Tuesday, January 5, 2010

Dr. Boyce Watkins

Dr. Watkins is a money man. I have been following him for a while. He is from Kentucky, where I currently live. He has yet to become a favorite son, but I think he will. He has a good mind.

Yet, he, like so many others need to insight a riot to make a point. On his website TheGrio he talks about why black women are not marrying. He makes fun of the fact that women are responding to Steve Harvey's book. He feels Steve is not qualified to talk about relationships because he is a comedian. He does the very thing he says black women when they judge a man by their occupation.

Unfortunately, this is a societal problem. Recognizing this early in life is one of the many factors that has kept me married for 20 years.

Dr. Watkins is wrong to say Harvey has no position or useful suggestions, comments, or advice about relationships. The mere fact that his first marriage failed, and that he has married again gives credence. He has tried, loved, lost, and tried again.

Just a few years ago Dr. Watkins was talking about he'd never marry. He changed his tune. He could write about the shift in awareness that led to his marriage and be valid.

We must share our stories, especially blacks because we lost so much when it comes to relationship building throughout history and still today. It is our plantation mentalities, our lack of relationship models, and our own humanness that keeps us from getting and staying married.

Black women have been given an unfair pass in this country. We have been historically easier to employ, more employable, and more trusted mainly because we didn't have a man in our lives. Black women not being married has benefited America in the following ways:

1. Created generations of scapegoats, (imprisoned, unemployed, uneducated, unloved).
2. Ensured the woman will have to work, therefore less available to care for her own children thus keeping the cycle of poverty going, foster homes full, and prison doors rotating.
3. Black women feeling superior and capable of doing everything (superwoman syndrome).

The strong black women is often portrayed by the mother working several jobs, having strict rules she can't realistically enforce because she is at work, or wherever. She has also been the force behind the stressed out, angry black woman image that haunts most black women, especially when it comes to finding a mate, and getting a promotion on the job. Any black woman showing self-knowledge and awareness, tenacity, straightforwardness, and confidence is often labeled angry, a bitch, or a control freak. She is rarely given a chance, especially not in love.

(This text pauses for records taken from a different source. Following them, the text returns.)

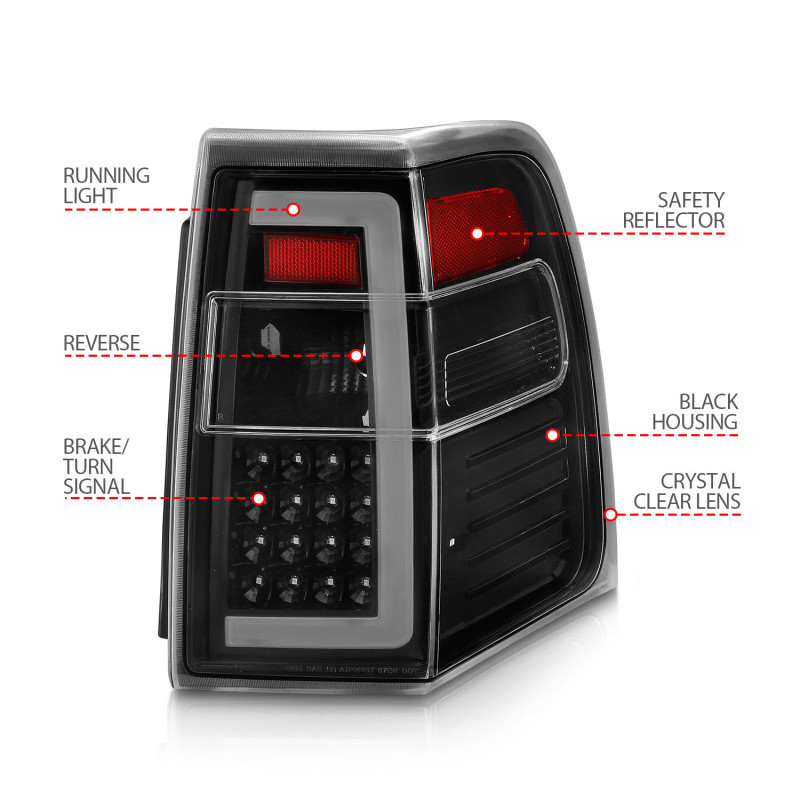 ANZO LED Taillights w/ Light Bar Black Housing Clear Lens for 07-17 Expedition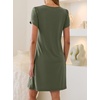 image:imageANRABESS Swimsuit Coverup for Women Crew Neck Short Sleeve Beach Sundresses Summer T Shirt Dress with Pockets PlainPrintOlive Green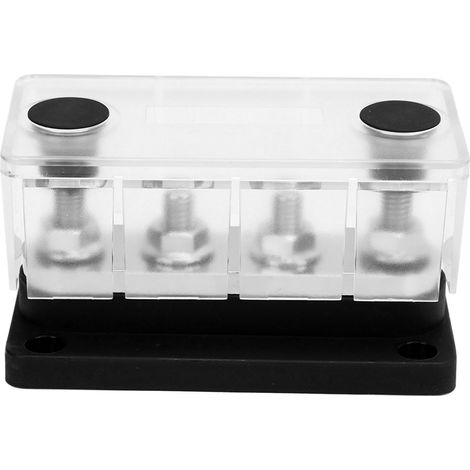 Bloc de distribution électrique M8 4 bornes barre omnibus DC 12V-48V 300A pour automobile bateau noir (1/5)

We are lying to ourselves if we think we are doing it all. At some point, something is doing you. For black women, it is usually our loneliness. When it becomes unbearable, we often make drastic moves that most often lead to another man, another bill, another baby, etc. We know the drill. We try to fall back on, "I thought we were going to be together. He said he loved me." To explain our impatient. We lie to ourselves instead of finding out who we are and what we need and what God wants for us. We have the baby, live together, make bills, before we get a ring on it. I wish I was stereotyping.

We have got to get this thing together and that means rich, poor, black, white, professional, non-profession, scientist or not, we all want to be loved. It is not rocket science.